PG TIMETABLE V4 is now available for download.

Article

We are pleased to announce a brand-new major pg_timetable v4 release!

This time, a ton of work was put into it, and the pg_timetable v4 release is incompatible with earlier iterations. Job migration is simple, though, so nobody should be discouraged from updating.

We added extensive read the documentation in the docs and will continue to improve it Please let us know if there are any areas that should be highlighted or new topics added.

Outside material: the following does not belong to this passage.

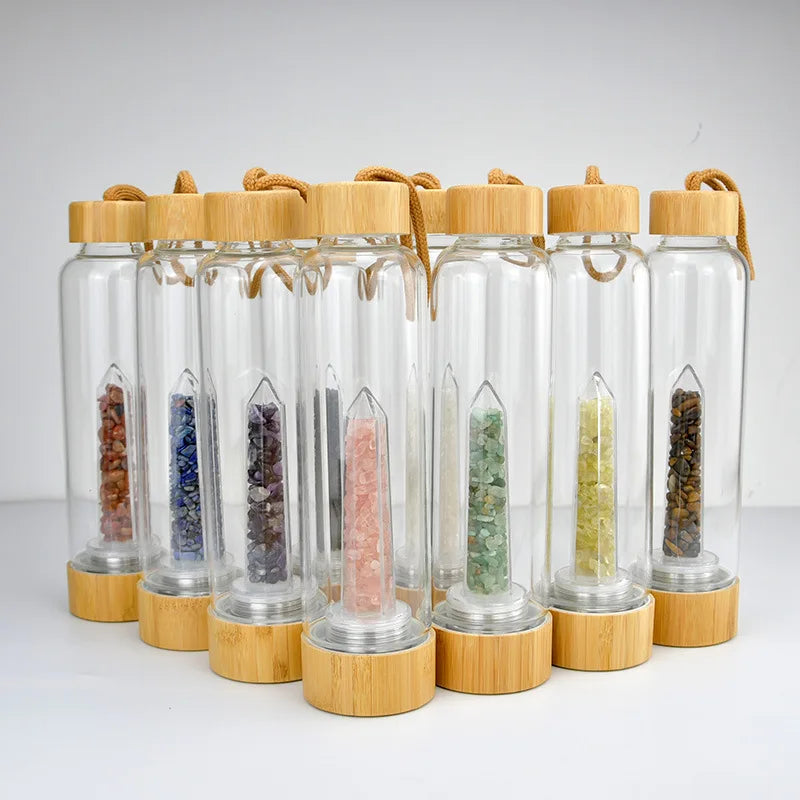 Drop Shipping 550ml Natural Clear Quartz Point Healing Crystal Energy Elixir Drink Water Bottle Glass Cup Gift With Bamboo Cover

Check out some of the fantastic new features right away! You can see a full list of changes on the official release page, which also has links to issues, commits, and pull requests.

I would like to remind you that pg_timetable is a collaborative effort. Therefore, don’t be afraid to ask any questions, report any bugs, bookmark the pg_timetable project, and let everyone know about it.

pg_timetable v3 versus v4

The earlier version is still regarded as stable. There are no known bugs or serious problems with how it works, so it is safe to keep using it.

If new bugs are found, it won’t be backpatched, though. Furthermore, the v3 branch will not get any new features added.

Performance

We made several efforts to improve performance.

The database schema was first overhauled and made as simple as possible. This will give the real workers more bandwidth and connections because the new pg_timetable will only have to handle a smaller number of system queries.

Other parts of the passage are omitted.